EX-5.1 5 d620861dex51.htm EX-5.1 EX-5.1

Exhibit 5.1

October 30, 2013

Board of Directors

MELA Sciences, Inc.

50 South Buckhout Street

Irvington, New York 10533

Ladies and Gentlemen:

We are acting as counsel to MELA Sciences, Inc., a Delaware corporation (the “Company”), in connection with its registration statement on Form S-3, as amended (file no. 333-189118) (the “Registration Statement”), filed with the Securities and Exchange Commission under the Securities Act of 1933, as amended (the “Act”) relating to the proposed public offering of: (i) up to 4,228,181 shares of common stock, par value $0.001 per share (“Common Stock”) of the Company (the “Shares”), all of which are to be sold by the Company pursuant to those Securities Purchase Agreements among the Company and the purchasers party thereto (together, the “Purchase Agreement”); (ii) common stock purchase warrants to purchase up to 6,857,142 shares of Common Stock evidenced by warrants in the form filed by the Company as Exhibit 4.1 to its Current Report on Form 8-K on October 30, 2013 (the “Series A Warrants”); (iii) pre-funded warrants to purchase up to 4,343,247 shares of Common Stock evidenced by warrants in the form filed by the Company as Exhibit 4.2 to its Current Report on Form 8-K on October 30, 2013 (the “Series B Warrants” and together with Series A Warrants, the “Warrants”), and (iv) up to 11,200,389 shares of Common Stock issuable upon exercise of the Warrants (the “Warrant Shares” and together with the Shares and the Warrants, the “Securities”), as set forth in the Prospectus, dated October 25, 2013, which forms a part of the Registration Statement, as supplemented by the Prospectus Supplement, dated October 30, 2013.

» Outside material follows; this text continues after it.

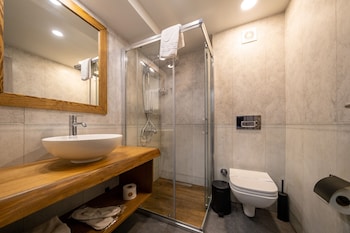 assos troy port hotel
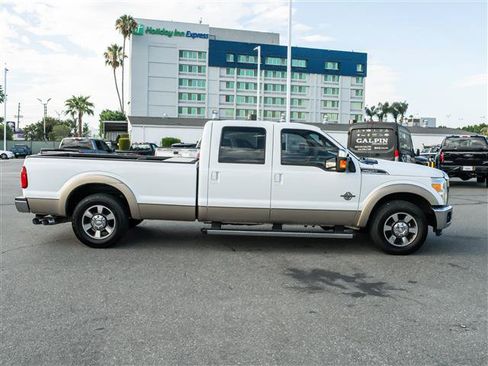 Used 2011 Ford F250 Lariat w/ Lariat Interior Pkg RWD image 4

We have examined and reviewed only such documents, records and matters of law as we have deemed necessary or appropriate for the purpose of rendering the opinion set forth herein. Insofar as the opinion set forth herein is based on factual matters in connection with, among other things, the issuance of the Securities, which factual matters are authenticated in certificates from certain officers of the Company, we have relied on such certificates. We have assumed the genuineness of all signatures, the authenticity of all documents submitted to us as originals and the conformity to originals of all documents submitted to us as certified or reproduced copies.

Based upon, subject to and limited by the foregoing, we are of the opinion that:

 

  (a) Following the issuance of the Shares pursuant to the terms of the Purchase Agreement, and receipt by the Company of the consideration for the Shares specified in the Purchase Agreement, the Shares will be validly issued, fully paid, and non-assessable.

 

  (b) Following (i) execution and delivery by the Company of the Warrants pursuant to the terms of the Purchase Agreement, (ii) receipt by the Company of the consideration for the Warrants as specified for in the Purchase Agreement, (iii) exercise of the Warrants pursuant to terms thereof, (iv) receipt by the Company of the exercise price for the Warrant Shares as specified in the Warrants and (v) issuance of the Warrant Shares thereunder, the Warrant Shares will be validly issued, fully paid, and non-assessable.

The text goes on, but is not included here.